The advice industry would benefit from new legislation protecting “good faith” disclosure of poor adviser conduct between licensees when conducting reference checks, ANZ has argued.
In its submission to the ‘scrutiny of financial advice’ inquiry, the banking group seeks to offer a solution to the easy movement of “people of bad character” between licensees, arguing there is scope for new protectionist laws.
“There is an opportunity for legislation to address this issue by creating a framework within which legal protection would be given to good faith disclosures made by licensees in response to reference checks,” the submission states.
“This would inhibit financial planners who had engaged in misconduct but had not yet been formally banned from moving from licensee to licensee.”
Under the current system, licensees often lack information about a prospective employee or authorised representative and are unable to assess past conduct short of a banning order, the submission contends.
Licensees are hesitant to provide this information during recruitment negotiations due to “actual or perceived legal restraints and potential liabilities”, it suggests.

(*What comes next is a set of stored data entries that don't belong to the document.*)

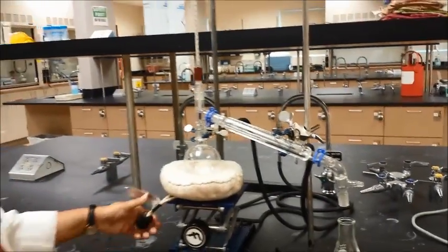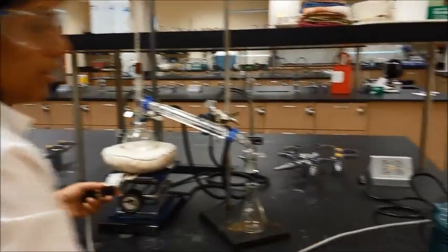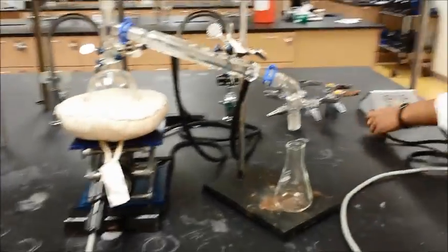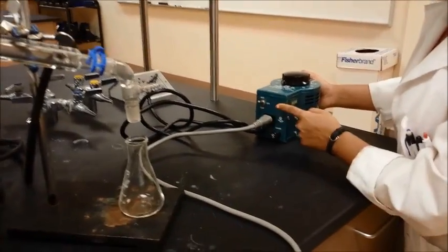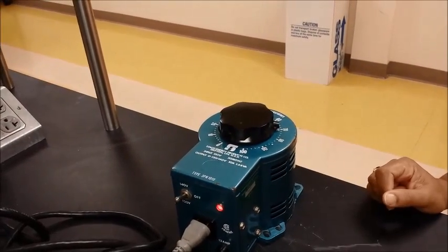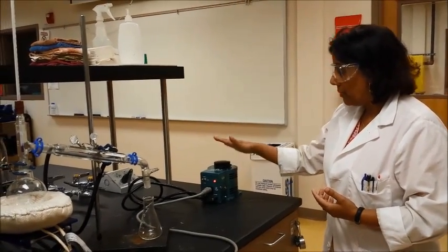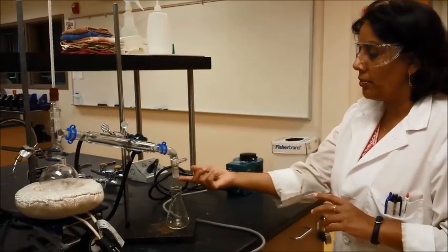Once you're all set, make sure all the connections are there. Take the heating mantle and connect it to the rheostat — the rheostat will control the heating rate of the heating mantle. Go ahead and plug in the rheostat; once connected, turn it on. Usually you turn it on a little bit high to get the heating started — start at 60 or 70 to get the boiling going, and then lower it down depending on what you're doing. For simple distillation you can have it higher; for fractional distillation you may need to lower it. Make sure the distillation is going at a small drip — one drip per second — which is how much you're collecting.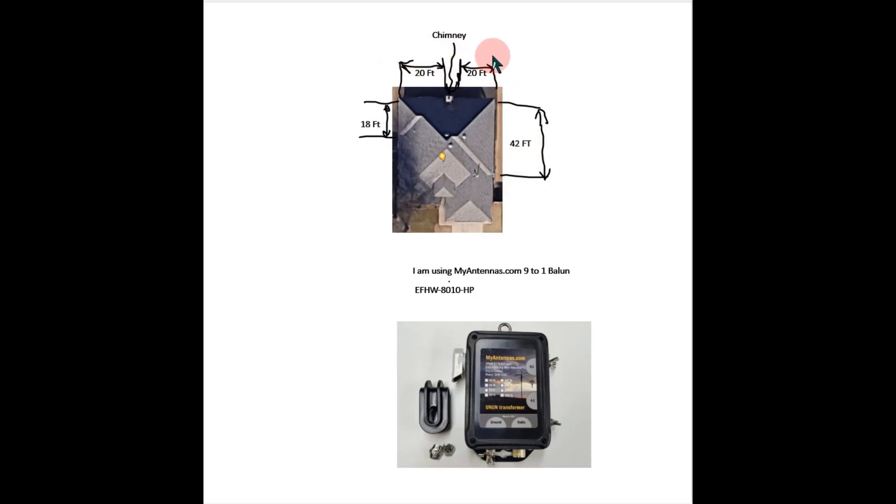I hooked the main antenna part to this side, tried it, and it just wasn't working right, so I flipped the wires. I'm using a 9-to-1 balun from myantennas.com — it's a high-powered balun and I'm only running 100 watts. The shorter length goes to the hot wire, and this area goes to what's called a counterpoise. It worked pretty well except I had high SWR on 80 meters. Let me show you the MFJ antenna analyzer readings.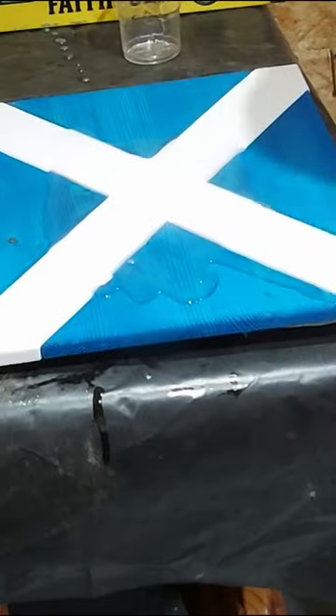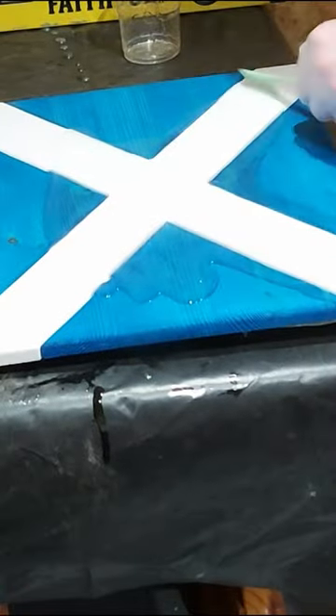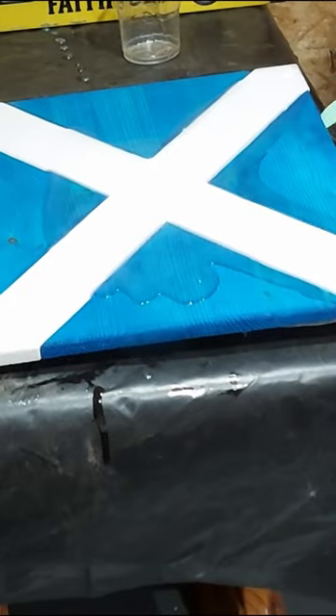Once the dye has dried, I carefully glue the flag-shaped piece back together, seamlessly blending it with the surrounding wood.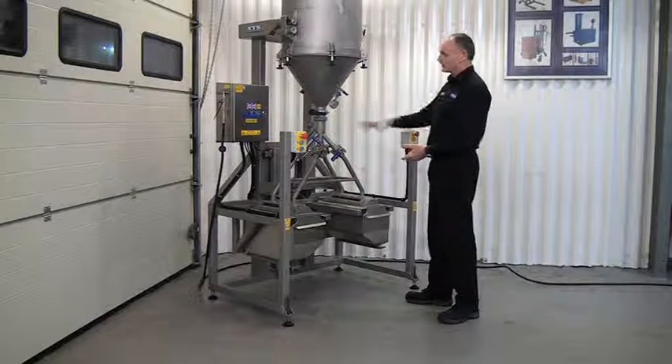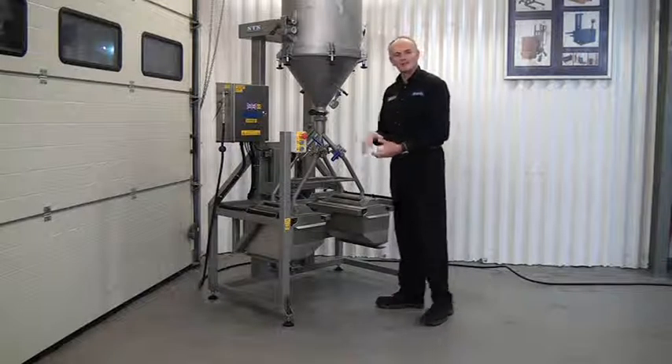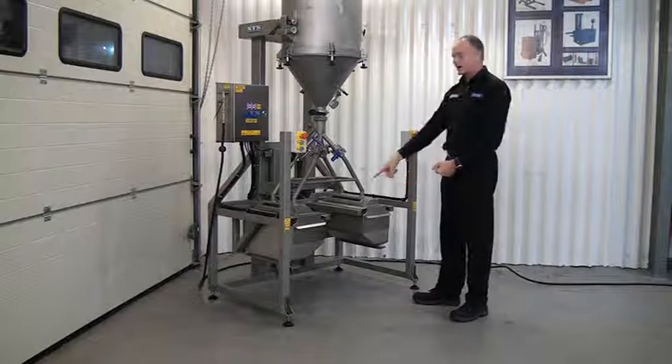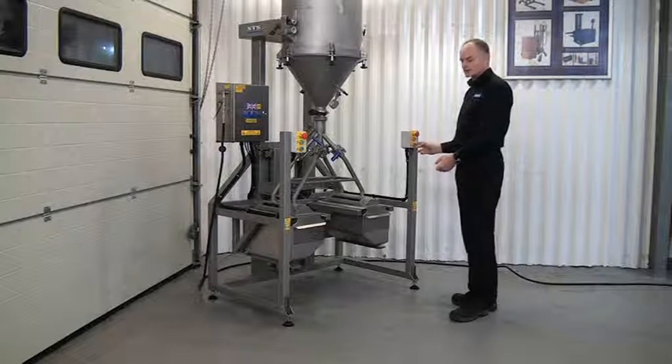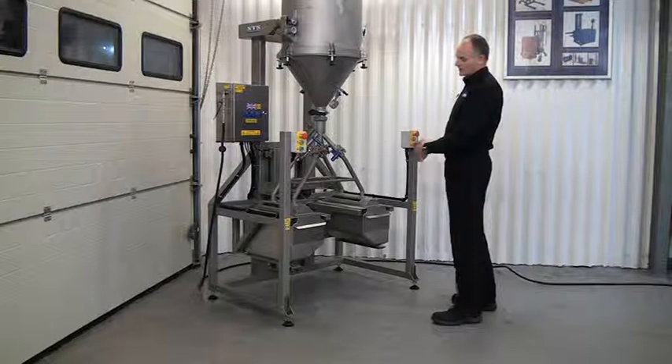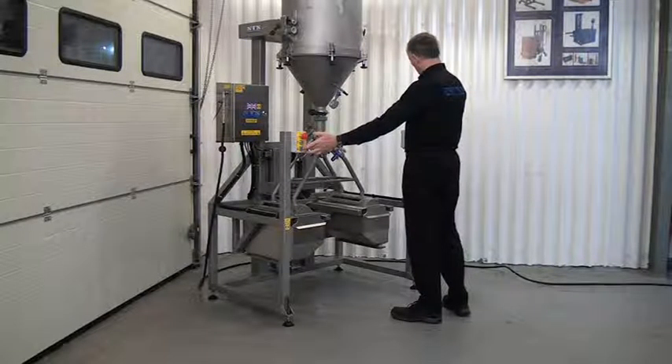We've transferred the powder, we've closed all our valves, and now we want to separate the system so we can take out the full hoppers. We do that by pressing the two blue buttons at the same time. Again, check no one's near the system before we operate it, then press the two blue buttons.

At the same time, ANZ rejects the idea that this information should be made publicly available – such as including it on the government’s adviser register – arguing that publication may be “unfairly prejudicial” to an adviser and that it would “inhibit frank disclosure” between licensees.
The submission explains that ANZ supports, however, the inclusion of publicly available information regarding misconduct, such as bans or enforceable undertakings, on the register.